Dáil debates

Wednesday, 20 July 2011

Eurozone Heads of State and Government Meeting: Statements

 

1:00 pm

Photo of Stephen DonnellyStephen Donnelly (Wicklow, Independent)

When I spoke a number of weeks ago, before the previous European summit, I gave the Taoiseach two messages. First, I told him that we are in the middle of a hostile negotiation. From day one, the people we are negotiating with have acted explicitly against the interests of this country and its people. Second, I said the Taoiseach should remind those he meets in Europe that they are not bailing us out. We are bailing them out. There is a net transfer from the Irish people to European financial institutions. If that message can get through, it changes the conversation. The Minister of State with responsibility for Europe responded to me by saying I did not understand the situation. She started to defend Angela Merkel by saying her actions needed to be seen in the context of her political needs. In response to a parliamentary question I tabled recently, the Minister for Finance as good as denied any knowledge of any threats by the ECB to Ireland, despite the fact that Professor Honohan went on the record and spoke about those threats on television. It is worrying that the response of the Taoiseach's team to my last message was based on a combination of deference and denial. Therefore, I will transmit a different message today.
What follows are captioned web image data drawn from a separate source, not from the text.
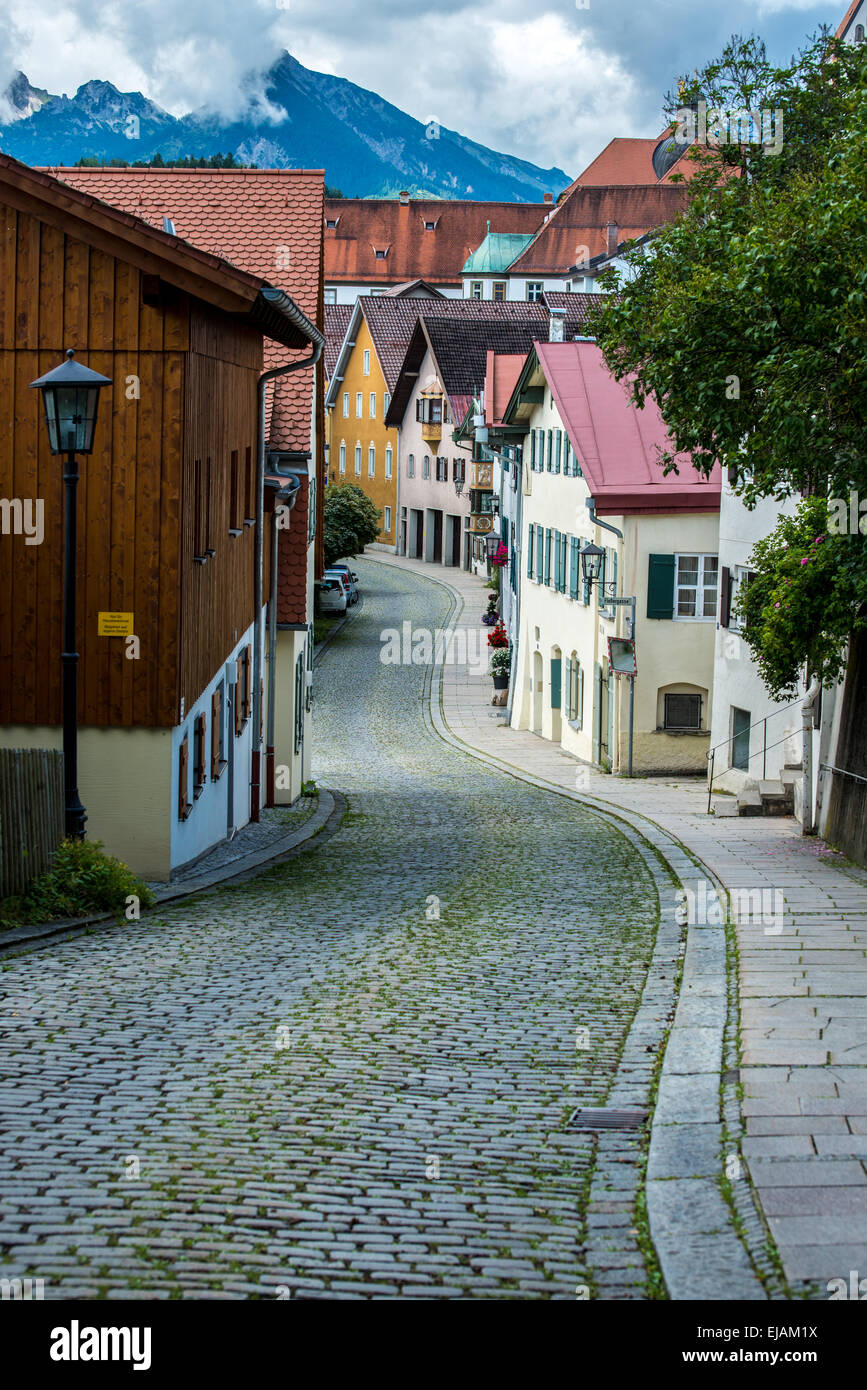 Medieval strada acciottolata - Fussen - Germania Foto Stock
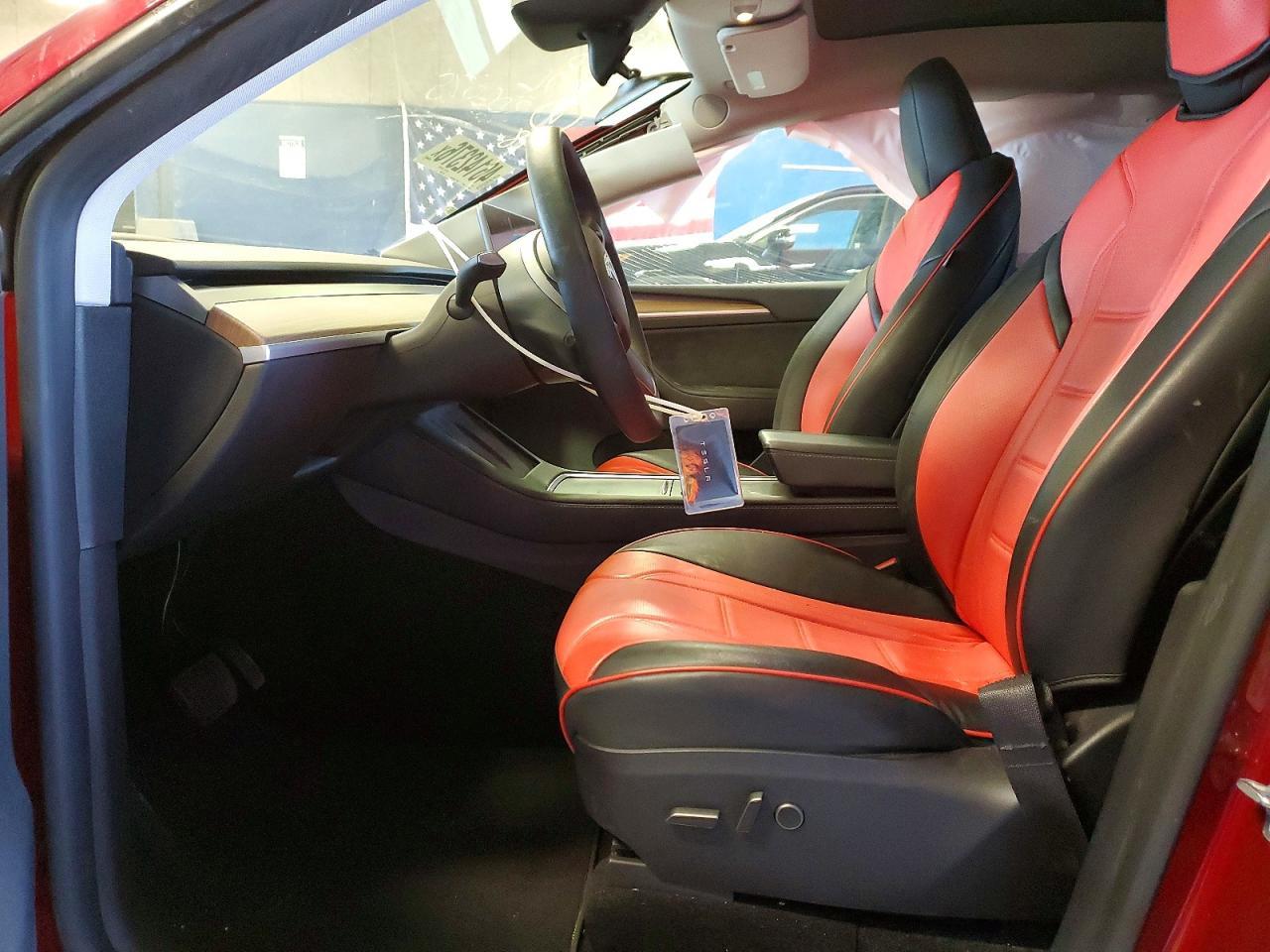 2025 Tesla Model Y - Фото 7
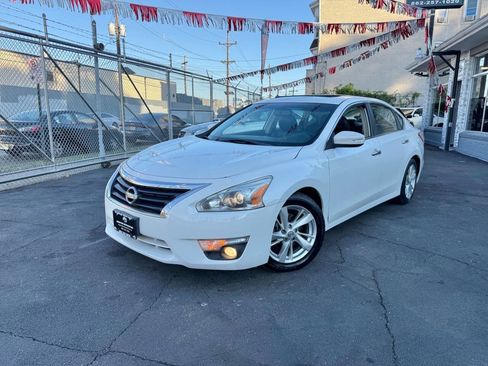 Used 2013 Nissan Altima 2.5 SL w/ Technology Pkg image 1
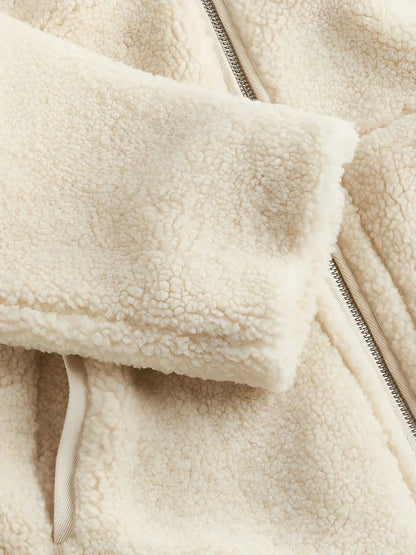 Luvik | Villa Rullakaulustakki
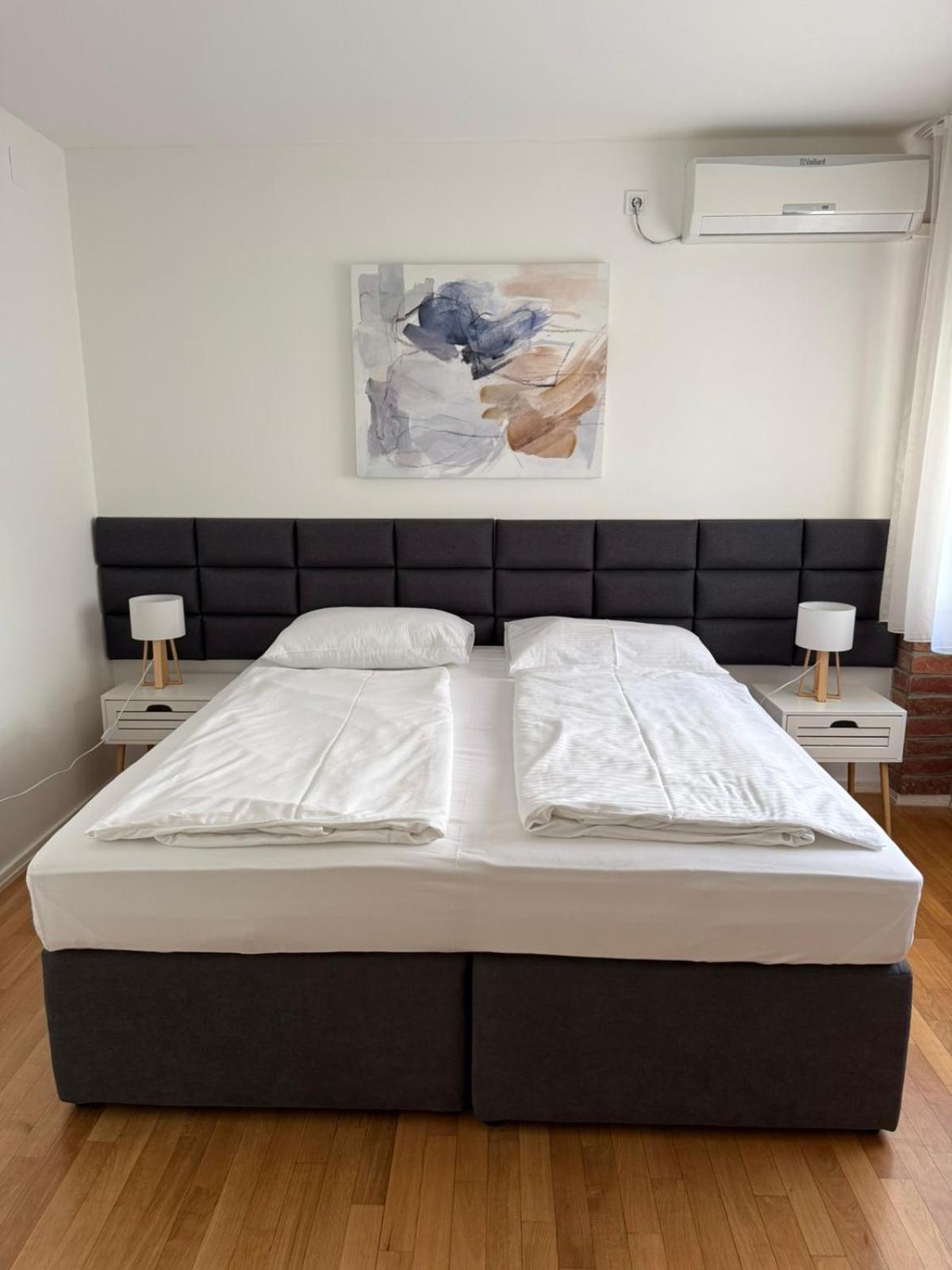 Home Apartmani I Sobe Osijek Exterior foto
The Taoiseach said in his opening address that "we need an outcome that offers certainty and security". I do not think that can be achieved by treating debt with more debt. Europe's failed approach has put the survival of the euro at risk. That was inconceivable a small number of months ago. I suggest that the Taoiseach might raise the possibility of Europe printing money, which is what the UK and the US have done. UK exporters to Ireland have a 30% price advantage over our domestic business community as a result of this approach. The ECB is not allowed to take such action, however, because it is required to keep inflation in Europe below 2%. If the rules can be relaxed and we can agree to higher inflation of 5%, 6% or 7% for a few years, we will have a huge advantage. If we print money - it is known as "quantitative easing" - we will erase debt in real terms at the sovereign level, the banking level and the personal level. It would make Europe far more competitive as an exporting zone. I ask the Taoiseach to bring that to the table at the summit.